Work item: Your task is to return the listing below word for word, without any of its images.

Dataset content:
● ● ● ●
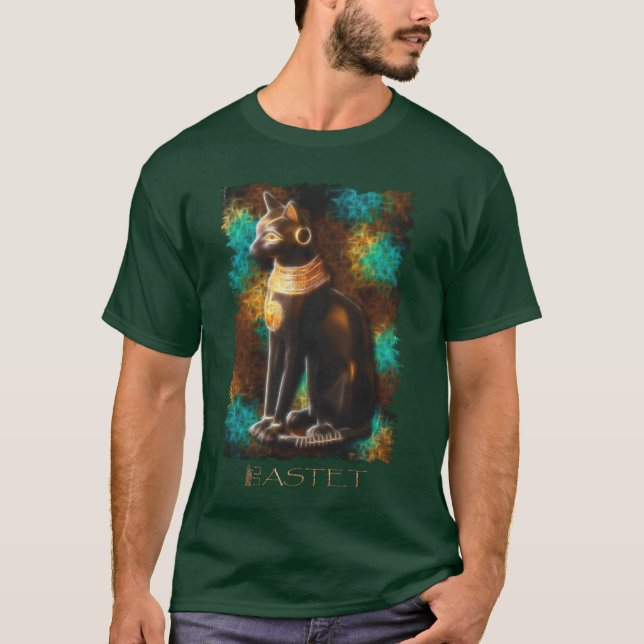 BASTET II Chat égyptien Dieu T-shirt (Devant)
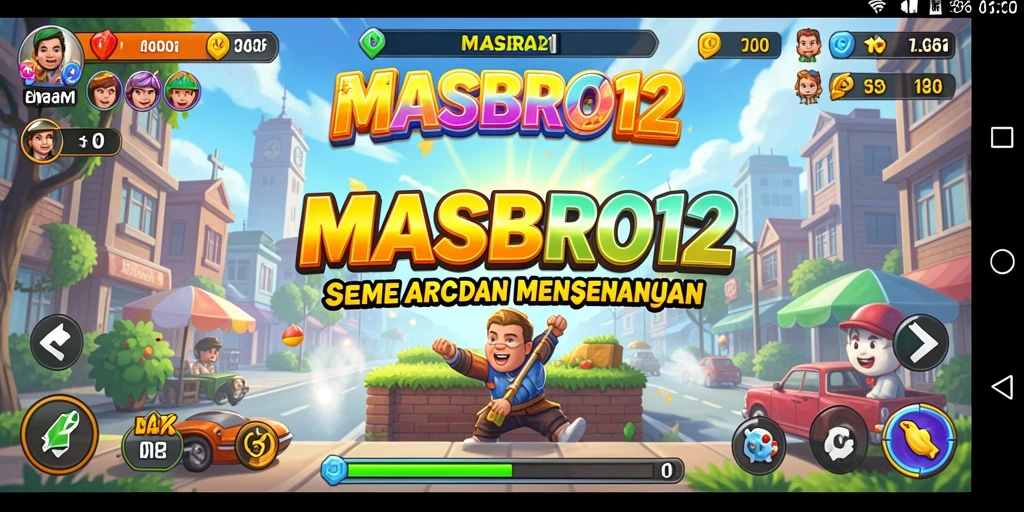Tangkapan layar dari gameplay seru MASBRO12 yang menampilkan level menantang.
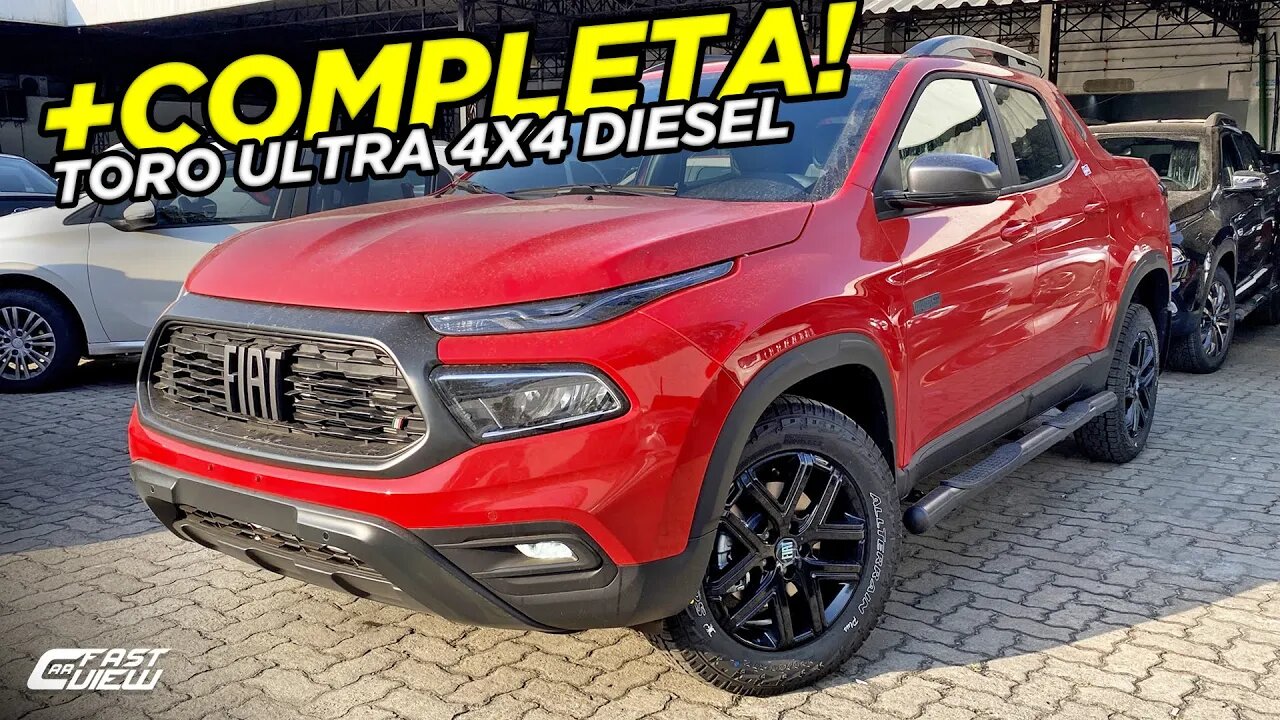 NOVA FIAT TORO ULTRA 2.0 4X4 TURBO DIESEL 2022 EM DETALHES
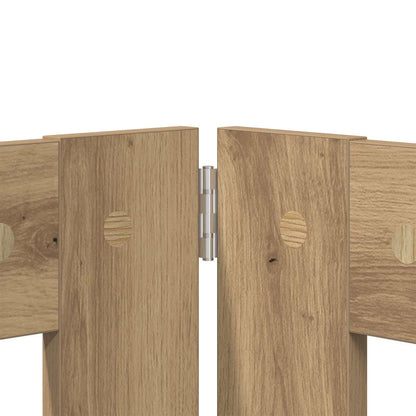 vidaXL Foldable Dog Gate with Stands 6 pcs Artisan Oak 362 cm 4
● ● ● ●
Exercise solution:
 BASTET II Chat égyptien Dieu T-shirt (Devant)
Tangkapan layar dari gameplay seru MASBRO12 yang menampilkan level menantang.
 NOVA FIAT TORO ULTRA 2.0 4X4 TURBO DIESEL 2022 EM DETALHES
 vidaXL Foldable Dog Gate with Stands 6 pcs Artisan Oak 362 cm 4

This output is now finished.